The project uses data from the U.S. National Oceanic and Atmospheric Administration’s (NOAA) storm database, which tracks major storms and weather events in the US. The raw data used for this project is here. For more information on the data, consult the National Weather Service Storm Data Documentation and the National Climatic Data Center Storm Events FAQ.
The raw data is extremely untidy; the bulk of this report describes the methods used to process the data before analysis. Data processing is implemented in a manner which allows refining and reproducing the results in the future.
First things first - load required libraries.
library(dplyr)
##
## Attaching package: 'dplyr'
##
## The following object is masked from 'package:stats':
##
## filter
##
## The following objects are masked from 'package:base':
##
## intersect, setdiff, setequal, union
This report assumes that the storm data file has been downloaded, and is in the current directory. If needed, the data can be downloaded here. The data is loaded into R.
raw_data <- read.csv("repdata_data_StormData.csv.bz2")
The raw data contains 37 variables, but we only care about a handful of them. I create a second, working dataset, and keep the original raw data around as a reference.
keepers <- c(
"BGN_DATE",
"EVTYPE",
"FATALITIES",
"INJURIES",
"PROPDMG",
"PROPDMGEXP",
"CROPDMG",
"CROPDMGEXP",
"REFNUM"
)
data <- raw_data[, keepers]
I convert the BGN_DATE variable to an R Date object, and also extract the year from that Date as a new variable.
data$BGN_DATE <- as.Date(data$BGN_DATE, "%m/%d/%Y")
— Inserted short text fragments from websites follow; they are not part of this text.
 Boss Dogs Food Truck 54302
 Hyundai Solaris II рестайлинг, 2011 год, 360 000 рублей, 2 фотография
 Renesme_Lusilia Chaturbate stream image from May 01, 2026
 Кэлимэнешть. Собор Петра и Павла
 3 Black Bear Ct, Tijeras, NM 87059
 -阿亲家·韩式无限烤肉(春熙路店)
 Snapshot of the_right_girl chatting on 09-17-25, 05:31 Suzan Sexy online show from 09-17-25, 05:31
data$year <- as.integer(format(data$BGN_DATE, "%Y"))
PROPDMGEXP, CROPDMGEXP are two variables which serve as multipliers on the PROPDMG and CROPDMG variables, respectively. Despite the “EXP” (presumably standing for “exponent”), the values are letters, with multiplier values according to the following table:
| EXP code | multiplier value |
|---|---|
| h, H | 100 |
| k, K | 1000 |
| m, M | 1e6 |
| b, B | 1e9 |
A very small minority of records have odd values in PROPDMGEXP, CROPDMGEXP, such as numerals 0-9, ‘?’, ‘+’, ‘-’. These records occur in only a few years, and even within that subset are a tiny minority of records. The table shows the ratio of “odd” values to normal values, over the years in which those values occur, for PROPDMGEXP:
odd_names <- c(0:9, "+", "-", "?")
odd_exp <- data[data$PROPDMGEXP %in% odd_names,]
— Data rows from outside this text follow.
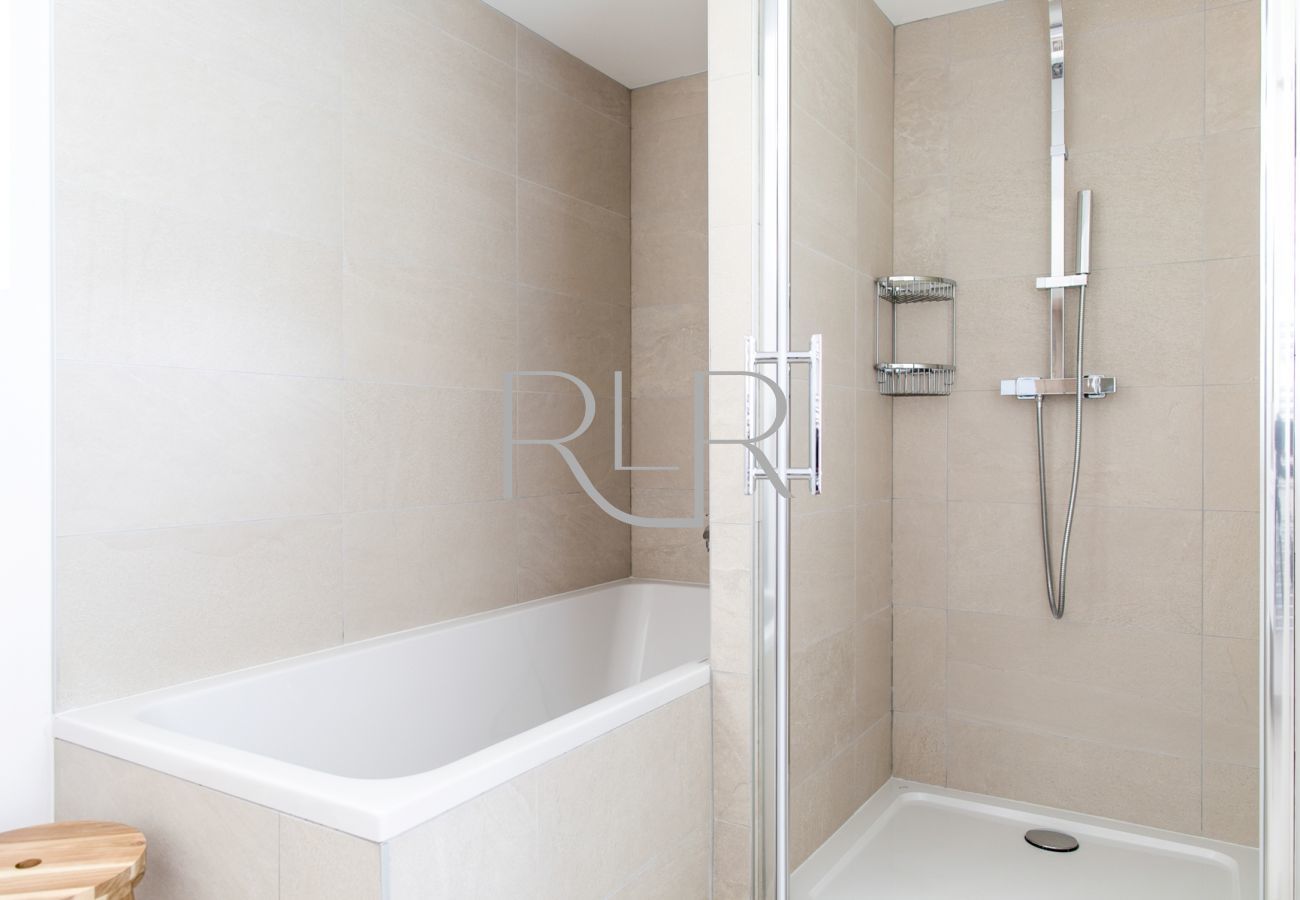 The bathroom of Chamois 1 has a bath and a separate shower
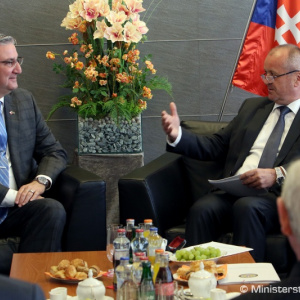 Minister obrany Peter Gajdoš rokoval s guvernérom štátu Indiana Ericom Holcombom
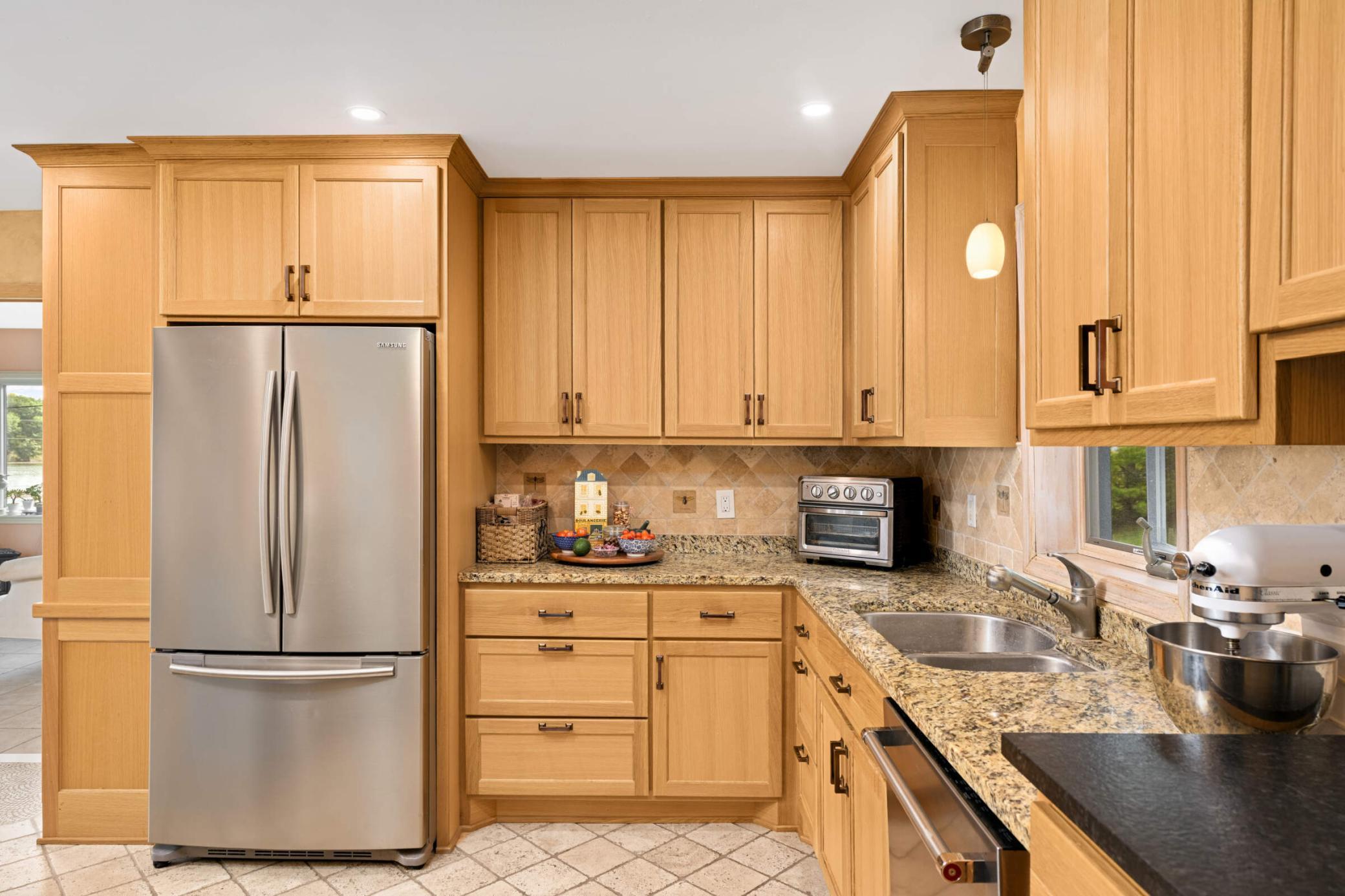 14020 Townline Avenue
odd_years <- unique(odd_exp$year)
table(odd_exp$year) / table(data[data$year %in% odd_years,]$year)
##
## 1993 1994 1995 2011
## 3.172840e-04 1.599535e-03 9.867715e-03 1.608389e-05
The next table shows the same ratio, for CROPDMGEXP:
odd_exp <- data[data$CROPDMGEXP %in% odd_names,]
odd_years <- unique(odd_exp$year)
table(odd_exp$year) / table(data[data$year %in% odd_years,]$year)
##
## 1993 1994 1995
## 0.0003172840 0.0004362367 0.0005005363
Because the oddball values for the EXP values are so rare, I’ll remove records from the dataset that contain them. For the purposes of this analysis, this should pose no problem.
data <- data[!data$PROPDMGEXP %in% odd_names,]
data <- data[!data$CROPDMGEXP %in% odd_names,]
Next I convert the CROPDMG, CROPDMGEXP, PROPDMG, PROPDMGEXP variables into new numerical variables.
data = within(data, {
PROP_MULT = NA
PROP_MULT[PROPDMGEXP == ""] = 1
PROP_MULT[PROPDMGEXP %in% c('h', 'H')] = 100
PROP_MULT[PROPDMGEXP %in% c('k', 'K')] = 1000
PROP_MULT[PROPDMGEXP %in% c('m', 'M')] = 1000000
PROP_MULT[PROPDMGEXP %in% 'B'] = 1000000000
})
data = within(data, {
CROP_MULT = NA
CROP_MULT[CROPDMGEXP == ""] = 1
CROP_MULT[CROPDMGEXP %in% c('h', 'H')] = 100
CROP_MULT[CROPDMGEXP %in% c('k', 'K')] = 1000
CROP_MULT[CROPDMGEXP %in% c('m', 'M')] = 1000000
CROP_MULT[CROPDMGEXP %in% 'B'] = 1000000000
})
data$PROP_COST <- data$PROPDMG * data$PROP_MULT
data$CROP_COST <- data$CROPDMG * data$CROP_MULT
For purposes of this analysis, only events that had economic impact, injuries or fatalities are of interest.
data <- data[
data$FATALITIES > 0 |
data$INJURIES > 0 |
data$PROP_COST > 0 |
data$CROP_COST > 0,
]
A summary of property damage reveals an outlier:
summary(data$PROP_COST)
## Min. 1st Qu. Median Mean 3rd Qu. Max.
## 0.00e+00 2.00e+03 1.00e+04 1.68e+06 3.50e+04 1.15e+11
m <- data[data$PROP_COST == max(data$PROP_COST),]
m
## BGN_DATE EVTYPE FATALITIES INJURIES PROPDMG PROPDMGEXP CROPDMG
## 605953 2006-01-01 FLOOD 0 0 115 B 32.5
## CROPDMGEXP REFNUM year PROP_MULT CROP_MULT PROP_COST CROP_COST
## 605953 M 605943 2006 1e+09 1e+06 1.15e+11 32500000
raw_data[raw_data$REFNUM==m$REFNUM, "REMARKS"]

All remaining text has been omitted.